Bei uns hieß das früher Klassenfahrt.
Rasmussen ist schlicht ein scharf rechts stehender abgehalfterter Politiker der jetzt im Dienste der amerikanischen Waffenfabrikanten steht (siehe: missile defense: keine Bedrohung, funktioniert nicht, müssen wir haben!). Warum sollte irgendjemand solche Lobbyisten und ihre verfälschten Zahlen ernstnehmen?
Also die hier zur Schau gestellte Empörung über den „scharf rechts“ (als ob seine national-liberale Gesinnung ein Problem wäre) gesinnten NATO-Generalsekretär muss doch verwundern.

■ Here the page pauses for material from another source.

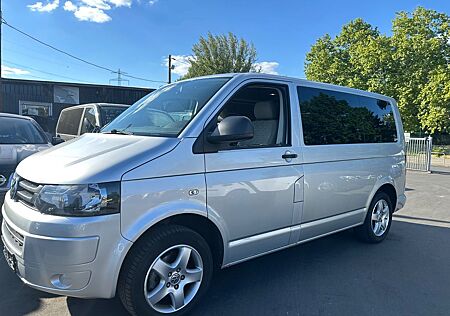 VW T5 Transporter Volkswagen T5 CAMPER/6SITZ/AC/EUR5/ARMAFLEX/KÜCHE/BETT/220V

Seine Mahnung an die Europäer, insbesondere an die Deutschen, ist doch angesichts des Spardiktats von 8,3 Milliarden letztlich gerechtfertigt. Um nicht weiter an Gewicht innerhalb des Bündnisses zu verlieren, sollten die Sparbeschlüsse angepasst werden. Ich sehe das eher als Rückenstärkung für zG. Aber ob die Kanzlerin bei den derzeitigen Hauptthemen wie Ägypten und der geplanten Europäischen Wirtschaftregierung das morgen zu hören bekommt, erscheint fraglich.